Sometimes you have to loop over characters in a string in Xojo. Whether you count something, search for patterns or you want to replace some characters, the reasons are divers, but performance may matter.

Let’s try four different ways and report how much time is needed for each function.

My test file is about 300,000 characters big, stored as UTF-8 and contains various German umlauts, so we have a couple of two byte characters. All tests are made with DisableBackgroundTasks pragma set to reduce background activity. For the timing we run each block 10 times to get an average duration.

String.Characters

First way is using String.Characters, which does create an iterator over the characters. Basically it creates an Iterable object and converts String to Text internally. Then creates an iterator object, where the for loop internally calls MoveNext and Value functions, which includes wrapping the string for each character into a variant. Here is the loop:

Dim m1 As Double = System.Microseconds
// using String.Characters
For Each c As String In t.Characters
	If Asc(c) = 13 Then
		n1 = n1 + 1
	End If
Next
Dim m2 As Double = System.Microseconds

In my test this takes about 550 ms to run over 300,000 characters of text. Let’s see if we can do better.

String.Split

We call String.Split with an empty string as delimiter to split by characters. So the function walks over the text, looks where characters begin and end and copies them into new strings and adds them to an array. Then we traverse that array with a for each loop:

Dim chars() As String = t.Split("")
// using Split
For Each c As String In chars
	If Asc(c) = 13 Then
		n2 = n2 + 1
	End If
Next
chars = Nil // free memory
Dim m3 As Double = System.Microseconds

In our test this takes about 110 ms on the same text.

StringCodePointsMBS

We add StringCodePointsMBS for version 21.3 of MBS Xojo DataTypes Plugin. This function returns an array with UInt32 representing the code points. We skip creating the string objects to save some time here, but we can handle correctly unicode characters above 65535, which won’t fit in 16 bit integers.

// using new StringCodePointsMBS function in 21.3
Dim values() As UInt32 = StringCodePointsMBS(t)
For Each codePoint As UInt32 In values
	If codePoint = 13 Then
		n3 = n3 + 1
	End If
Next
values = Nil // free memory
Dim m4 As Double = System.Microseconds

In our test this takes about 51 ms per run.

Memoryblock

The fastest way is to not bother about unicode characters and just look on the bytes. By converting string to Memoryblock, the bytes are copied and you can travers the new memory block like this:

// using Memoryblock
Dim mem As MemoryBlock = t
Dim u As Integer = mem.Size - 1
For i As Integer = 0 To u
	If mem.UInt8Value(i) = 13 Then
		n4 = n4 + 1
	End If
Next
mem = Nil // free memory
Dim m5 As Double = System.Microseconds

This takes about 50 ms, just a bit faster than our plugin function. But please try it with :grinning:, where you would get a 4 byte memory block for one character.
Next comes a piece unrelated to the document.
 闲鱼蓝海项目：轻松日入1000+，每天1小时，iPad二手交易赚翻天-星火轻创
Feel free to try our StringCodePointsMBS in the next pre-release of MBS Xojo Plugins 21.3.

4 Likes

I just had a look at the new function. But I can’t do much with the result because the inverse function FromUnicodeCodepoint is only available for Text and not for String.

Encodings.UTF8.Chr(x) maybe instead?

One note: .Characters will return decomposed characters as multiple code points in a single pass whereas Split and, I think, the MBS function will split them.

1 Like

In my preliminary tests using StringCodePointsMBS with Encodings.UTF8.Chr(x) is significantly slower than a simple split with my algorithm.
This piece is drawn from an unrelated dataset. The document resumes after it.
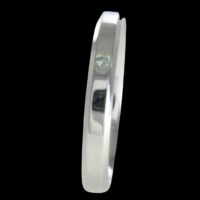 Aliança de prata para namoro - 3 mm - com pedra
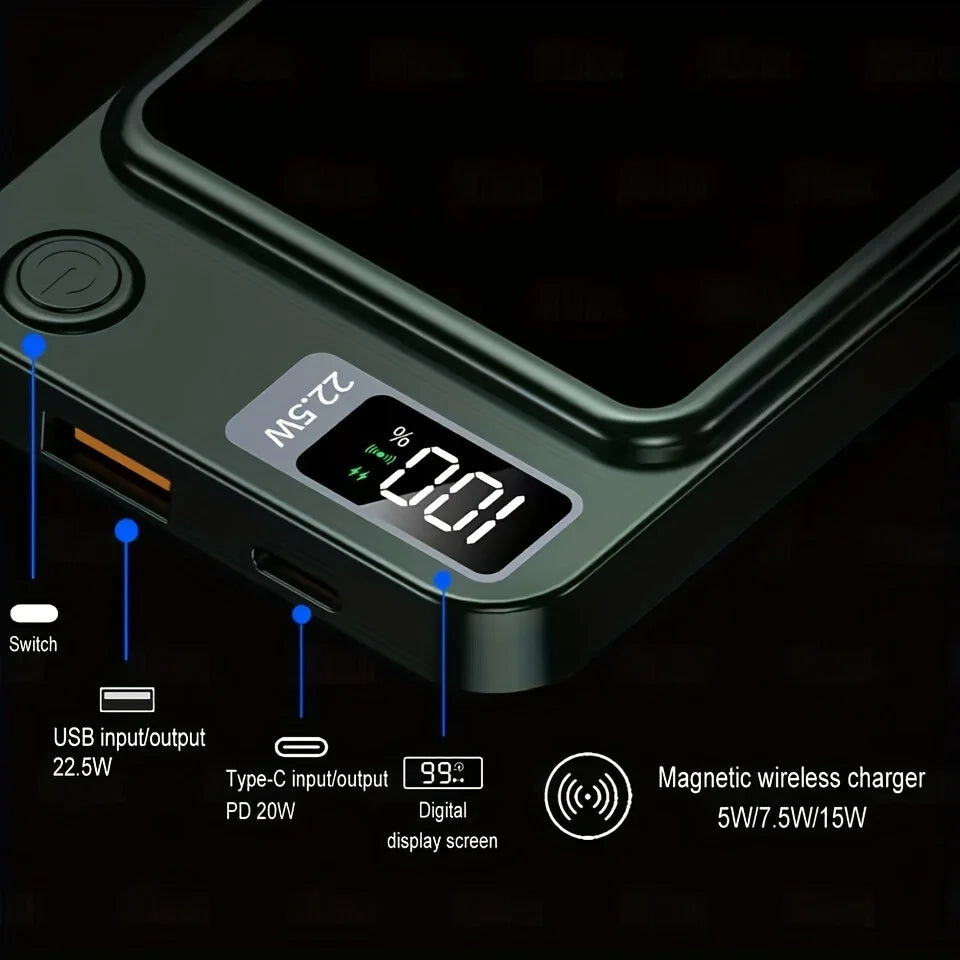 5000mAh Magnetic Wireless Power Bank, 22.5W/20W Fast Charging for iPhone & Android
Well, the speed differences have of course a reason.
If you build strings from the code points, you may better go with Split()

Thats what I saw when I tested Christians Code from his blog. The MemoryBlock and Split Methods doesn’t take care of composed Characters. Thats why Xojo introduced String.Characters.

If there is interest, I may just add another function to get you composed characters.
But for most of processing where I could use this function, I wouldn’t need that detail.
Just for walking over characters and filtering a bit or counting something.

1 Like

I didn’t mean to imply this was a drawback of your function, merely a difference.